What this task involves: Please give again, exactly, every line of the material from the one containing "Lot 706 - An" to the end, including both of those lines.

Material provided:
<<<<

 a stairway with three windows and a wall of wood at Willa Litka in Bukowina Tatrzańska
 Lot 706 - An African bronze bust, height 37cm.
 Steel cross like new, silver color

>>>>

Answer to this exercise:
 Lot 706 - An African bronze bust, height 37cm.
 Steel cross like new, silver color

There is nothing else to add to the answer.